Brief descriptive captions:
━━━━━━
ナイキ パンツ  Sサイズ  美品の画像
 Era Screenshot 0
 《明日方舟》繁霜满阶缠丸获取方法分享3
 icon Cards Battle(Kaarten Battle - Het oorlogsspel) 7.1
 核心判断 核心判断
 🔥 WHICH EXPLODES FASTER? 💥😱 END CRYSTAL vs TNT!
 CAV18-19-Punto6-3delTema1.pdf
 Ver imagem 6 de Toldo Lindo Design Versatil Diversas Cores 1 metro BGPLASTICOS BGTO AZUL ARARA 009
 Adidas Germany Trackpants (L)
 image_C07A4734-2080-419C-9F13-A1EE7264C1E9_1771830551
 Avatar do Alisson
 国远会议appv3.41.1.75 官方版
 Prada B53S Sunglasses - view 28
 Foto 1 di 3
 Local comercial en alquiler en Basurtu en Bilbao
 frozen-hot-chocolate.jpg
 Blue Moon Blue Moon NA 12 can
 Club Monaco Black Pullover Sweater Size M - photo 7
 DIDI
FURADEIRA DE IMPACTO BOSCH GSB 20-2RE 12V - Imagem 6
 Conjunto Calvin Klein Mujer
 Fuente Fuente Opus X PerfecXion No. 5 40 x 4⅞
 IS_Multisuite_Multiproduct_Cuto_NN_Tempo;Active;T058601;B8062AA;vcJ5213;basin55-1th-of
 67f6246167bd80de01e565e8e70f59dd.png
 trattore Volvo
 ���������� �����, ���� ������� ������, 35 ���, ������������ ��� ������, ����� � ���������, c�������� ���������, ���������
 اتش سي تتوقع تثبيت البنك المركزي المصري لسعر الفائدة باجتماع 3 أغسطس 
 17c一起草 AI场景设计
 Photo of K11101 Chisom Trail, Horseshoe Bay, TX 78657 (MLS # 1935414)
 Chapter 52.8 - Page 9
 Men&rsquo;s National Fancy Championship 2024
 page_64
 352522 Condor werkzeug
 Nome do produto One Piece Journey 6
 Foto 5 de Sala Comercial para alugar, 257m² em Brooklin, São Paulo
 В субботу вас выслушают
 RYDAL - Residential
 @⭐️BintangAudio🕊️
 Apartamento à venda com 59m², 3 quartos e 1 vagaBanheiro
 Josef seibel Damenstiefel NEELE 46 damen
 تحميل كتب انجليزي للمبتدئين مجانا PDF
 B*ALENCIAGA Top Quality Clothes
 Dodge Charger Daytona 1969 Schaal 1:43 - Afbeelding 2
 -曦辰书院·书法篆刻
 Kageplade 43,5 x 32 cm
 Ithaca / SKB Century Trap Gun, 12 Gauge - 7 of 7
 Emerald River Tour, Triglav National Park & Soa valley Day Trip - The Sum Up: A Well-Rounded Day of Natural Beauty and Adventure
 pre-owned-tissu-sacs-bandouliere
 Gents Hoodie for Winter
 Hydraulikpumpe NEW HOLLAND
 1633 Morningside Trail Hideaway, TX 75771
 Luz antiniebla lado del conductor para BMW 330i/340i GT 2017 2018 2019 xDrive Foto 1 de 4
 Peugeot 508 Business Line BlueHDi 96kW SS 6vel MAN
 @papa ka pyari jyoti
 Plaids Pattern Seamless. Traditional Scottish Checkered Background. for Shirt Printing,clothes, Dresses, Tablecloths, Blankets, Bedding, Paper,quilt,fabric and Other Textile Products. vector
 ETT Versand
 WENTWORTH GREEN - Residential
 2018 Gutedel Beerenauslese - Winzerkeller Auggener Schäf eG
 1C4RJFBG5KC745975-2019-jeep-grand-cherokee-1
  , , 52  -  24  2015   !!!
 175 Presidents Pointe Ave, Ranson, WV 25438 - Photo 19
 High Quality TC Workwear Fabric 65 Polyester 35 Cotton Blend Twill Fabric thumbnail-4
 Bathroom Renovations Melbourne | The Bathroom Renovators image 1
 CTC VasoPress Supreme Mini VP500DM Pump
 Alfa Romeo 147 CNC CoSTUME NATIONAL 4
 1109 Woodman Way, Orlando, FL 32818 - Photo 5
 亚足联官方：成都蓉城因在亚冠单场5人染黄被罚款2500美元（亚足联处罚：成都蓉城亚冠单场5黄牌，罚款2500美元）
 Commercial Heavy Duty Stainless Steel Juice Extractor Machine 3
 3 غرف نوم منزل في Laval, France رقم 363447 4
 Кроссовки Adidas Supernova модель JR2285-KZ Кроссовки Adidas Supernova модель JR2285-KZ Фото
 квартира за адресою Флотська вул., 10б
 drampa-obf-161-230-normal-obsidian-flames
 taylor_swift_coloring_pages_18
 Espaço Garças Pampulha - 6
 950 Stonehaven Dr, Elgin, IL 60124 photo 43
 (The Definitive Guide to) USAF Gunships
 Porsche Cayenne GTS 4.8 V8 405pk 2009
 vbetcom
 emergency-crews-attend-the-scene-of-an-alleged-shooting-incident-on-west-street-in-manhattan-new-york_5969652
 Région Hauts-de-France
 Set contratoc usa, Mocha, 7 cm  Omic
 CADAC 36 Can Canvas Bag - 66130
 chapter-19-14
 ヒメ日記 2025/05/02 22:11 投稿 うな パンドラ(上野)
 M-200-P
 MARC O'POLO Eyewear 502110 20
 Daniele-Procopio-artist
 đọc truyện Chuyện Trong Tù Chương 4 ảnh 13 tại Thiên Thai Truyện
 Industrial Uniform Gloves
━━━━━━
§ DESCRIPTION OF THE TASK
Could you transcribe the entries above word for word, from the line with "Foto 5 de Sala" down to the line with "ka pyari jyoti", keeping both?

§ RESULT BELOW
 Foto 5 de Sala Comercial para alugar, 257m² em Brooklin, São Paulo
 В субботу вас выслушают
 RYDAL - Residential
 @⭐️BintangAudio🕊️
 Apartamento à venda com 59m², 3 quartos e 1 vagaBanheiro
 Josef seibel Damenstiefel NEELE 46 damen
 تحميل كتب انجليزي للمبتدئين مجانا PDF
 B*ALENCIAGA Top Quality Clothes
 Dodge Charger Daytona 1969 Schaal 1:43 - Afbeelding 2
 -曦辰书院·书法篆刻
 Kageplade 43,5 x 32 cm
 Ithaca / SKB Century Trap Gun, 12 Gauge - 7 of 7
 Emerald River Tour, Triglav National Park & Soa valley Day Trip - The Sum Up: A Well-Rounded Day of Natural Beauty and Adventure
 pre-owned-tissu-sacs-bandouliere
 Gents Hoodie for Winter
 Hydraulikpumpe NEW HOLLAND
 1633 Morningside Trail Hideaway, TX 75771
 Luz antiniebla lado del conductor para BMW 330i/340i GT 2017 2018 2019 xDrive Foto 1 de 4
 Peugeot 508 Business Line BlueHDi 96kW SS 6vel MAN
 @papa ka pyari jyoti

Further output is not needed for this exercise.